April 28, the Workers’ Day of Mourning (Photo: Canadian Union of Public Employees).

Today is the International Day of Mourning. Who we mourn are the untold, uncounted numbers of women, men and children who have been killed, injured, disabled or sickened while doing their work.

The occasion is mostly marked with modestly unobtrusive ceremonies where organized working people gather – union halls, lunchrooms, and the like.

Athabasca University Labour Studies Professor Bob Barnetson.

In Canada, April 28 is an official observance. It has been since 1991, when Parliament Passed the Workers Mourning Day Act. If you’re paying attention, you might notice that the Canadian flag is at half-mast on federal government buildings today.

It’s mildly surprising this happened in Canada. The Conservatives were in power at the time – although they were Progressive Conservatives, led by Brian Mulroney, a former labour lawyer who for all his flaws got some things right now and again.

Still, while we all, in the words of the act, “seek earnestly to set an example” of our “commitment to the issue of health and safety in the workplace,” there’s a certain discomfort about being too forthright about this in capitalist society.

Pieties aside, the primary purposes of capitalism are the pursuit of profit and the accumulation of wealth – goals that are not necessarily compatible with the protection, or even the enhancement, of the lives of working people.

This reality guarantees the Day of Mourning will always be an occasion marked warily in Canada, and in most of the other countries where it is now observed.
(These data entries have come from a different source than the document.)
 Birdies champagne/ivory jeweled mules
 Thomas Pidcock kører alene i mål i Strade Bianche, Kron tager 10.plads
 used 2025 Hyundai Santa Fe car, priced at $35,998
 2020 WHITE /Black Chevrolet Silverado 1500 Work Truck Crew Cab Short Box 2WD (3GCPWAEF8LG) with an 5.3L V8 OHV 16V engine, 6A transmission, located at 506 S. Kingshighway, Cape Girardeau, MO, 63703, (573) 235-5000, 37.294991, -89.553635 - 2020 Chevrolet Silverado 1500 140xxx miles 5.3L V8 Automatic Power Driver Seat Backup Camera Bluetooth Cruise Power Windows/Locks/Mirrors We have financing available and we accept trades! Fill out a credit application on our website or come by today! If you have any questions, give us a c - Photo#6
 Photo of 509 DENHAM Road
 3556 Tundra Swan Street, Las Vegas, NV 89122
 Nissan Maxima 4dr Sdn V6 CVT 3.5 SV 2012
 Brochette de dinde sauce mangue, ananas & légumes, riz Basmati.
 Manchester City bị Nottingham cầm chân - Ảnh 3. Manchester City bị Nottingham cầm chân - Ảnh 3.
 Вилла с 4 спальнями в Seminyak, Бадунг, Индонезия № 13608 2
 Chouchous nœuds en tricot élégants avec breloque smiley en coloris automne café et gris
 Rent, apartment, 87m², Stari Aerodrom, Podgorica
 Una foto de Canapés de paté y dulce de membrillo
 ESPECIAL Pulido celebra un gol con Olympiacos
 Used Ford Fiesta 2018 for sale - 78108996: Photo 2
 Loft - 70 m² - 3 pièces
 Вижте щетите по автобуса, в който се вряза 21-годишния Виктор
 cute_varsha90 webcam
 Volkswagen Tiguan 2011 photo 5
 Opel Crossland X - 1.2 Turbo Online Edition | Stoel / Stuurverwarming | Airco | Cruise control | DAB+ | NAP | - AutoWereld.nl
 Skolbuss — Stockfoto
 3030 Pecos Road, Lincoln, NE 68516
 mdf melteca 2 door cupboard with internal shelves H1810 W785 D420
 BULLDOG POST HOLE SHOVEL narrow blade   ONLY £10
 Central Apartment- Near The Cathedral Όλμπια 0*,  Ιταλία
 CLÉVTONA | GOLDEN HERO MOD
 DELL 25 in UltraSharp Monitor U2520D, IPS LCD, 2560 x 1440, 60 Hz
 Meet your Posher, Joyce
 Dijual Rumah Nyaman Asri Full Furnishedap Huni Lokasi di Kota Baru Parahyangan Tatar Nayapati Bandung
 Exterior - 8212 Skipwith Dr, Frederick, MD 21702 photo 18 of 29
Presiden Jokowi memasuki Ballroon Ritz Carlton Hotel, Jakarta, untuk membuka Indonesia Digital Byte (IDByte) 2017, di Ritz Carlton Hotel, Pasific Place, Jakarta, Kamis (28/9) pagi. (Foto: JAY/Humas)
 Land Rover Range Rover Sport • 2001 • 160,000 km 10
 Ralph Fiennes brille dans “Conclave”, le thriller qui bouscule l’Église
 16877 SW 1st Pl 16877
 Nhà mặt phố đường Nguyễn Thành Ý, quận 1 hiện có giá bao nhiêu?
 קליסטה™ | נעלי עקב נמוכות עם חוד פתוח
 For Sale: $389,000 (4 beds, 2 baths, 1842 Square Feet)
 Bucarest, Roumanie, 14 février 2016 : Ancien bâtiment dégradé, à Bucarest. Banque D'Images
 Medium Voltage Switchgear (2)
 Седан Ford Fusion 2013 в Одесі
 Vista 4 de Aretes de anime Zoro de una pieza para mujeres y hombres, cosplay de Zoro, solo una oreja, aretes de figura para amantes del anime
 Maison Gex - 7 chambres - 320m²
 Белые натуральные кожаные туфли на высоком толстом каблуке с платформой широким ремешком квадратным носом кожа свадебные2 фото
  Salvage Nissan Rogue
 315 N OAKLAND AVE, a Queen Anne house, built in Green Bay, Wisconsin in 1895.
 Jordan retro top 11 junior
And it means we can be confident federal and provincial governments will move forward gingerly on improving worker safety – lest it cut unduly into the profits of the “job creators” we nowadays celebrate, as if corporations, and not demand, actually created jobs.

Just try to use Google to look up the number of workplace fatalities in a given year in any Canadian province and you will see how seriously we take these tragedies. The numbers are there – but they take a little work to dig out. A total of 166 such deaths were recognized, an important distinction, by the Alberta Workers Compensation Board in 2017, an increase from 144 the year before.

Alberta Workers Health Centre Executive Director Jared Matsunaga-Turnbull (Photo: Parkland Institute).

But the results of a new study released yesterday by the Parkland Institute at the University of Alberta suggest, in the words of the researchers, that there is “a fundamental problem” with the so-called “internal responsibility system” used in Alberta to prevent workplace deaths and injuries.

According to the study by researchers Bob Barnetson and Jared Matsunaga-Turnbull, survey data they collected from 2,000 Alberta working people suggest that workplace injuries in Alberta are vastly underreported – almost 70 per cent of the real total are not reported.

Moreover, their research indicates most employers violate the province’s safety rules, and that large numbers of workers are afraid to exercise their legal safety rights.

Alberta government statistics for 2016 show that more than 45,500 workers suffered disabling injuries on the job. But because of underreporting, the researchers concluded, the real number was closer to 170,000, and that more than 400,000 experienced one workplace injury in 2016.

“The data suggest a breakdown in the internal responsibility system that is at the heart of the workplace health and safety system in the province,” said Mr. Matsunaga-Turnbull, executive director of the Alberta Workers Health Centre.

Dr. Barnetson, an Athabasca University labour studies professor, acknowledged that Alberta’s NDP Government legislated real improvements in worker health and safety when Labour Minister Christina Gray last year brought in the first major changes in occupation health and safety legislation in Alberta in more than 40 years.

Alberta Labour Minister Christina Gray.

However, Dr. Barnetson and Mr. Matsunaga-Turnbull suggested, the improvements legislated by the NDP won’t mean much without meaningful enforcement.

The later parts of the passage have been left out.